Kyuuri ducks Tsukushi’s last forearm attempt, monkey flips her to the mat, and tries to convert into a cross armbreaker, but Tsukushi reverses into a surfboard. Kyuuri flips out of it and into a cover for 2, which Tsukushi bridges out of then runs for the “ropes.” She realizes just in time there’s no ropes to bounce off of and stops herself, but Kyuuri kicks her from behind and sends her off the edge anyway onto Kurumi (who needs to find a safer spot to crouch 😉 ).
A followup kick puts Tsukushi down on the floor and Kyuuri cartwheels over the edge into a doublestomp. Nice. Back to the center of the ring Kyuuri gets a judo trip for 2 then tags out to Misaki. Misaki takes Tsukushi down with a dropkick, but as she tries to hit more to a seated Tsukushi the latter keeps rolling out of the way of 3 attempts so Misaki finally abandons that plan and grabs a facelock. Scoop slam attempt off the edge, but Tsukushi floats out to save herself and tries to dropkick Misaki off the edge. Ohata moves though and ties up Tsukushi as she lands in curb stomp position right on edge of ring. She completes the curb stomp and sends Tsukushi face first to the floor. That looked vicious.
Tsukushi stumbles back in and is seated against the ringpost. Misaki’s signals for the crossbody (?!) but Tsukushi moves and Misaki goes flying stomach first into the eyelets/post.
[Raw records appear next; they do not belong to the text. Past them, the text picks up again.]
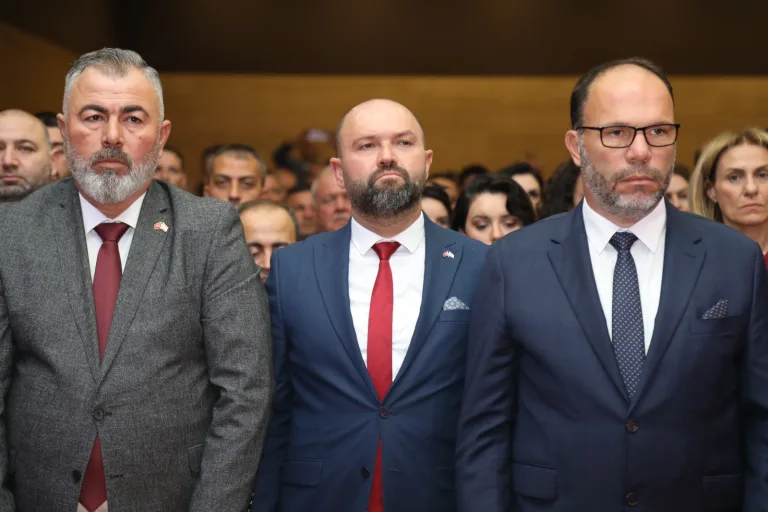 Başbakan Üstel seçmenleri kapı kapı gezme çağrısı yaparken konuşuyor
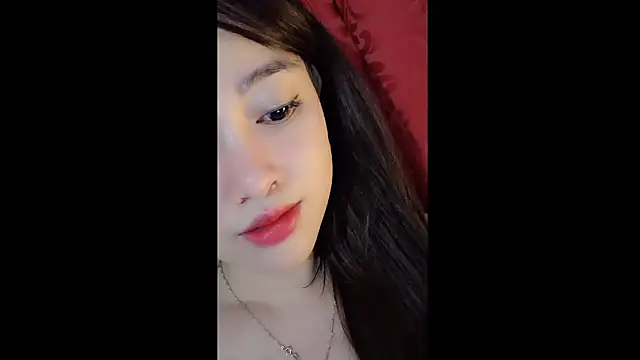 Snapshot of MiCandy-Lovee chatting on 02/23/26, 06:33 MiCandy-Lovee online show from 02/23/26, 06:33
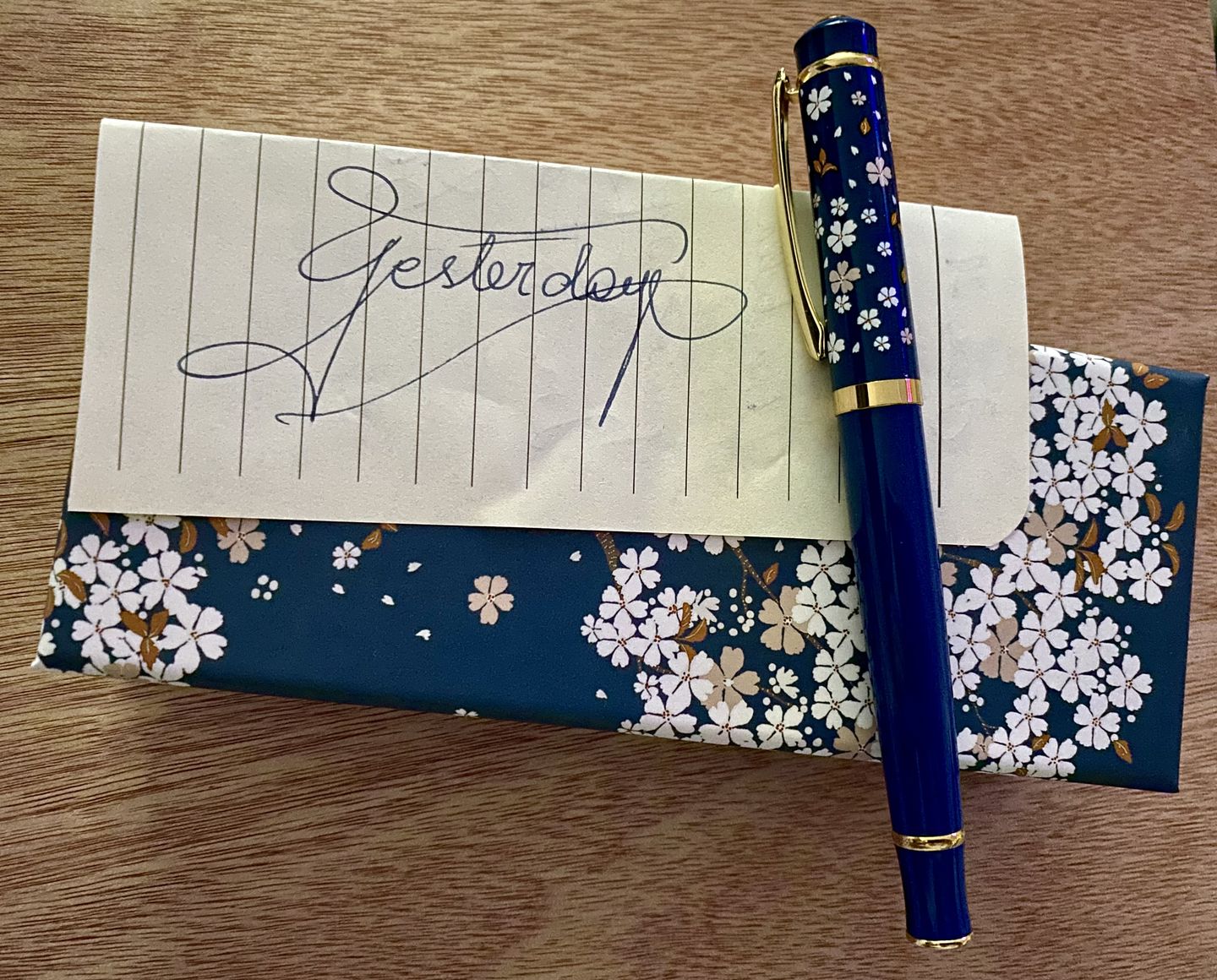 Customer photo review of Pluma Estilografica - Falling Blossoms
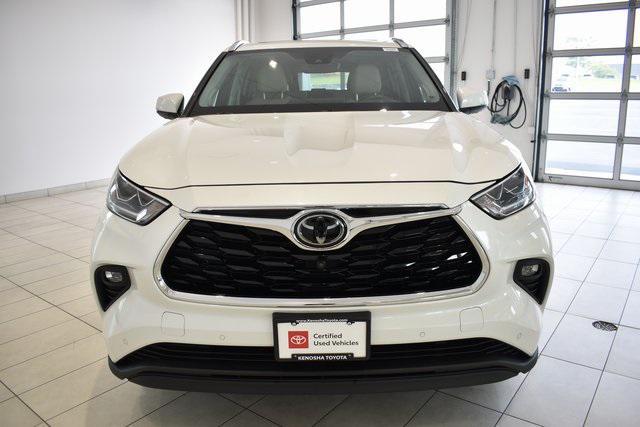 Photo of 2020 Blizzard Pearl Toyota Highlander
Tsukka comes in for a double suplex, then puts her partner into Crossfire powerbomb position then flips Tsukushi up into essentially a spinebuster onto Misaki for 2. Tag to make Tsukka official and she kicks at Misaki’s back, then comes around for the chest kick. It’s ducked, but as Misaki comes back up Tsukushi catches her with the crossbody. Great use of having no ropes in the way of people going in and out there.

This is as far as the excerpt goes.